- Friends & Family
Submitted by: Abby Foster
I didn’t volunteer to be an alcoholic. My drinking extravaganza resulted in a lot of trouble and one particular instance landed me in front of a judge who gave me the choice to serve time or go to rehab. Naturally, I chose rehab. When I got there I thought I knew everything, I had everything figured out but I came to learn I knew nothing.
When I witnessed the results a friend of mine had from embracing the treatment program and taking the suggestions given to him such as getting involved, getting a sponsor, a service commitment – all those things, I was sold. He went home, he was self employed, he bought a house and started a family- all things I wanted in life.
When I was able to see the tangible results of recovery, I was all in. I’ve been sober since January 8, 2013.
The foundation of my recovery starts with honesty. I had to get honest with myself. Dishonesty was such a part of me that even I believed my lies. And my lies were keeping me sick.

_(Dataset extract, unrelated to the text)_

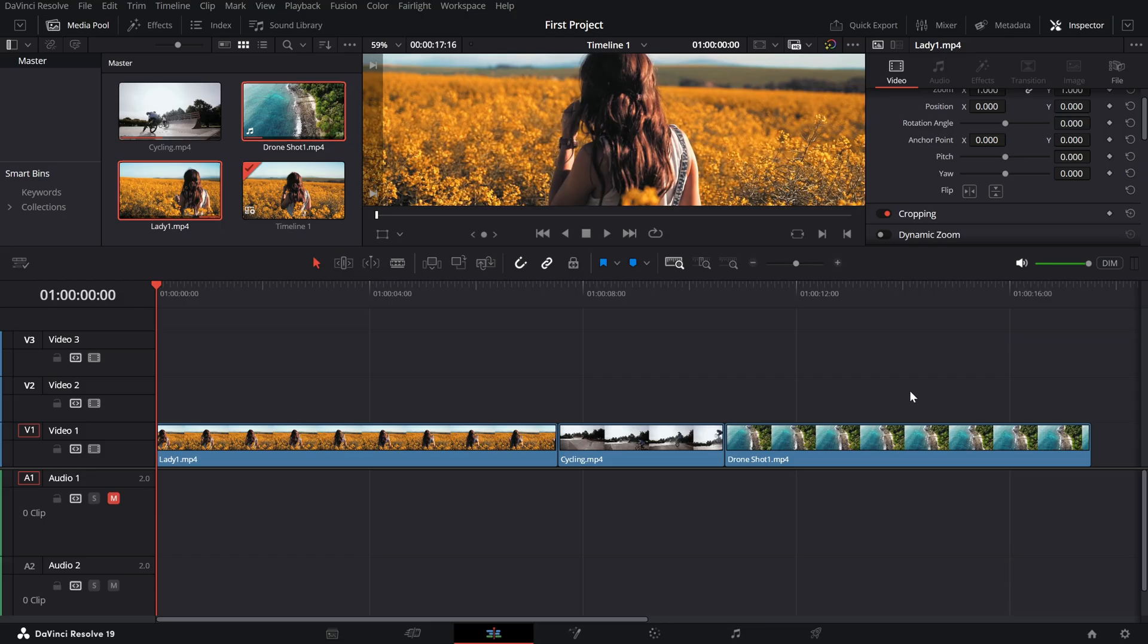Start by selecting the clip you want to delete. You can do this by clicking on it in the timeline.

Into my early recovery I had to work on honesty- sometimes having to go back and own up to a simple and unnecessary lie. The program taught me how to do that.
Instead of only thinking of myself I now think of how I can be of service. It’s not just about me and my wants anymore. I hit my knees, put my face to the ground and ask God for humility everyday because without God and a program I am an egotistical maniac. Today I am able to be of service to others and especially to my family.
As my recovery goes on it has become more about emotional sobriety and finding balance in my life. In the past I have had a tendency to hyper focus on things, my fiancé, a new car, the 12 step program instead of seeking balance. That is why sponsorship is so important to me.
Words can’t express how grateful I am for my sponsor. I need to have that honesty and transparency with someone else because I cannot fix me. He helps me see the things I cannot see.
All of the positive changes in my life today are a result of my sobriety. In my old life, I was used to running on self-will, ripping and running the interstates, and living out of hotel rooms. Now, I am a functioning member of society. I make a good living that allows me to have a few gear-head toys and other material luxuries. I have a healthy relationship with my fiancé not some person I’ve taken “hostage”. I never thought that I would have this type of connection with another person or have a family of my own. And I wouldn’t without my sobriety. But, recovery has given me something so much greater than just the tangible stuff it has given me freedom. I don’t have to worry when I travel- will I have enough drugs or booze? I no longer have to plan everything out. I have the true freedom to go anyplace where any normal person walks freely without being a prisoner to my disease.